JOAN Crawford's star wasn't so much on the decline in 1967 as plummeting earthward like a clapped-out satellite.

Still trying to wring whatever fame she could from her late career comeback alongside her arch nemesis Bette Davis in Whatever Happened To Baby Jane, she was floundering around in a relentlessly B-movie orbit going wherever the cheques cleared and taking on work that previously she'd have scraped off her shoes.

Her fearsome reputation as a full-blown diva ensured most American directors wouldn't work with her and as the so-called Summer Of Love played out she found herself in England making Berserk, a sad and sleazy circus-based film that marked a new low in her movie career.

This tragic slice of low rent psycho-thriller fare has just been reissued by Powerhouse/Indicator on Blu-ray and guess what? It's absolutely brilliant in a 'so bad it's good' kind of way.

It wouldn't be old Mommie Dearest's final big-screen outing – for that audiences would have to wait another year until the utterly insane man-in-a-monkey-suit madness of Trog lumbered into view – but it's certainly one of her most unforgettable.

Crawford is Monica Rivers, an ageing ringleader for a tatty circus that's been plagued by a glut of bizarre and rather gory murders. High-wire acts and suchlike are dropping like garrotted flies and no-one can work out why.
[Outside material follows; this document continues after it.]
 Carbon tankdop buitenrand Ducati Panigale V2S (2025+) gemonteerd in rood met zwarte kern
If that sounds a lot like Circus Of Horrors, an earlier and just as seedy tale of big tent bad behaviour, then that's because it is pretty much the same story rehashed with shameless zeal buy producer Herman Cohen. The plagiarism is shameless but only adds to the fun really.
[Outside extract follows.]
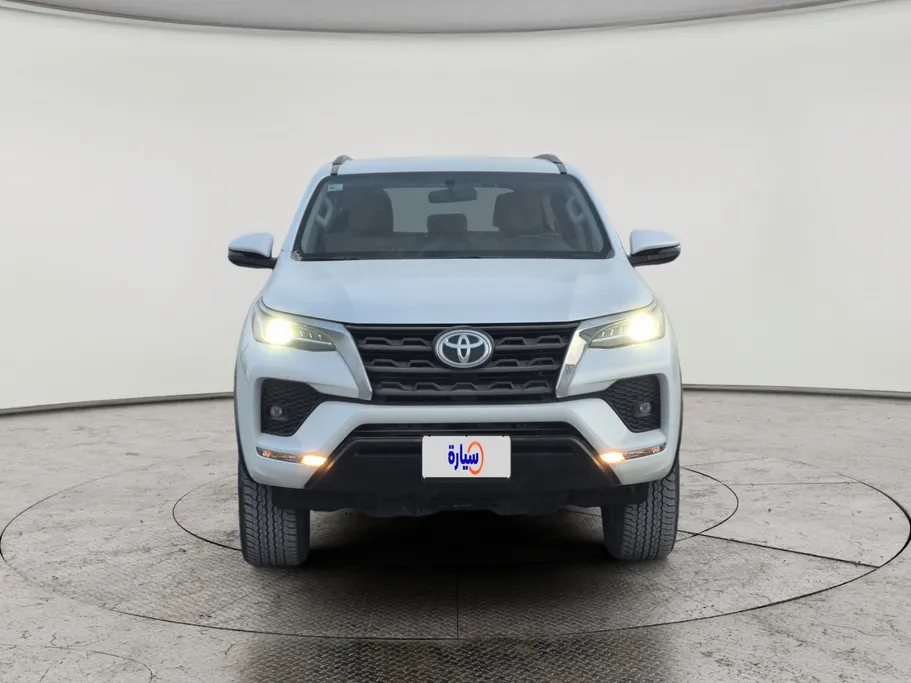 2023 Toyota Fortuner VX 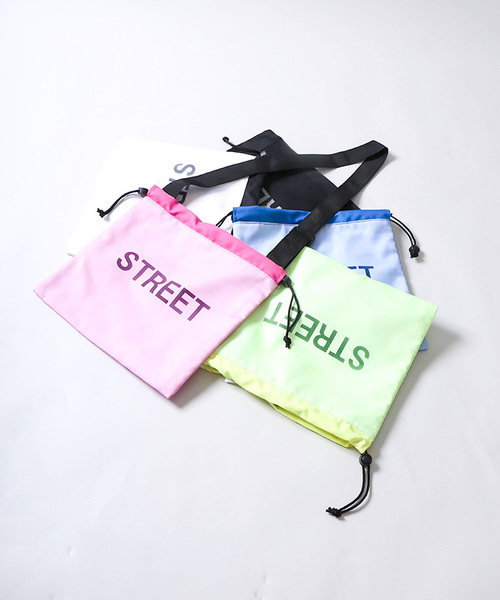 WEGO(ウィゴー)の「WEGO/シアーロゴサコッシュ(ショルダーバッグ・レディース・ブルー/ピンク/ホワイト/イエロー/ブラック・FREE)」の17枚目の写真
Director Jim O'Connolly handles all the gory death sequences with a suitably bloodthirsty aplomb, allowing the great Michael Gough, playing Monica's suspicious business partner here, to get a spike directly through his skull and buffed up beefcake Ty Hardin to come a cropper on the high wire.

There are supporting roles for legends of Brit B-movie heaven like Diana Dors, Judy Geeson and Robert Hardy amid all the buckets of fake blood and cheaply cobbled together circus footage, provided by the performers at Billy Smart's Circus, bizarrely enough. Whoever thought that a hastily knocked together little potboiler like this would provide good publicity for the company was clearly seriously deluded.

Crawford prances through this gory mess with her usual high and mighty superiority on full show and her eyebrows reaching back to almost the very top of her forehead (possibly due to the actress taping back her skin to deal with facial wrinkles). She looks mostly bemused but gives it all enough Hollywood melodrama to make it work.

Like the title suggests, Berserk is a mad and faintly unhinged journey from start to finish but it's also a ton of fun as well. With a glut of impressive extras – including a BFI interview with Crawford from 1956, period trailers and commentary tracks – this is the best way to enjoy the whole utterly insane experience in all its gory glory.